== Problem details ==
Pictures aside, each record should be reproduced exactly.

(Materials provided Opens)

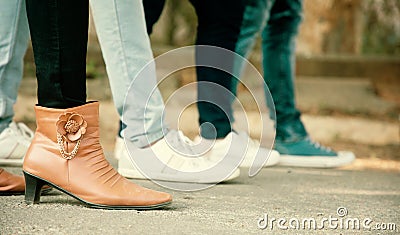 Close up of legs, Group of friends hanging out together - friendship, travel, tourism, summer vacation and people Stock Photo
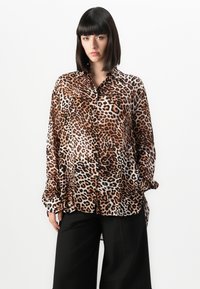 Mulher com cabelo preto liso veste uma camisa de botão solta com padrão de leopardo e calças largas pretas contra um fundo branco liso.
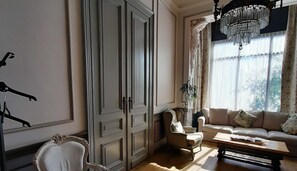 Une pièce comprenant une grande armoire, un canapé, un fauteuil et un lustre.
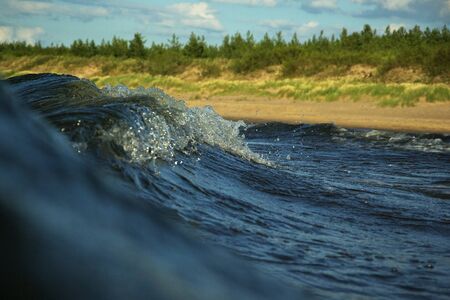 view to the beach of the Baltic sea on warm sunny summer day from inside a barrelling wave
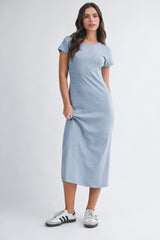 woman wearing a gray short sleeve maxi dress paired with black and white sneakers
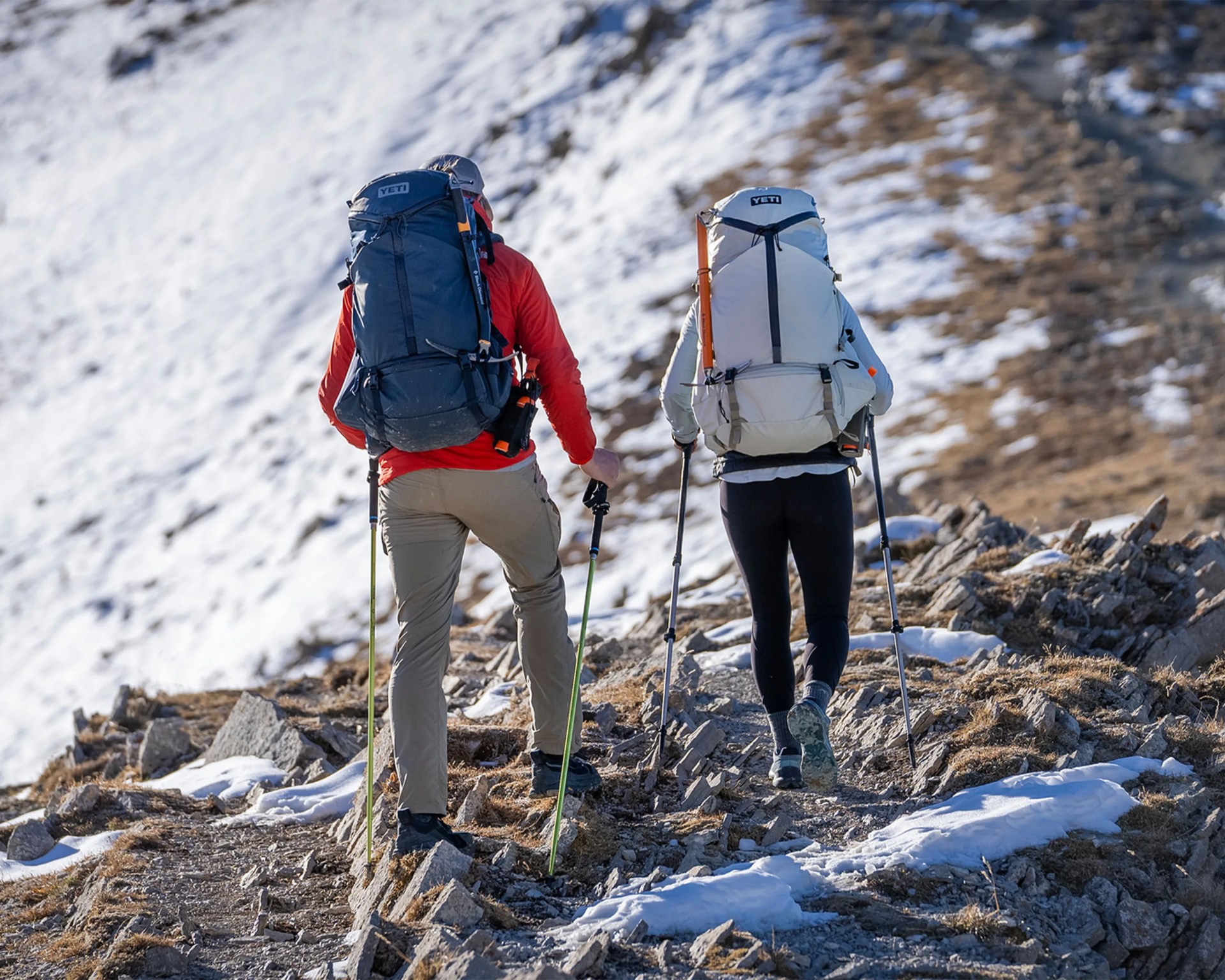 Two hikers with large YETI backpacks and trekking poles walking on a rocky, snowy mountain trail.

(Materials provided Closes)

== Expected answer ==
 Close up of legs, Group of friends hanging out together - friendship, travel, tourism, summer vacation and people Stock Photo
 Mulher com cabelo preto liso veste uma camisa de botão solta com padrão de leopardo e calças largas pretas contra um fundo branco liso.
 Une pièce comprenant une grande armoire, un canapé, un fauteuil et un lustre.
 view to the beach of the Baltic sea on warm sunny summer day from inside a barrelling wave
 woman wearing a gray short sleeve maxi dress paired with black and white sneakers
 Two hikers with large YETI backpacks and trekking poles walking on a rocky, snowy mountain trail.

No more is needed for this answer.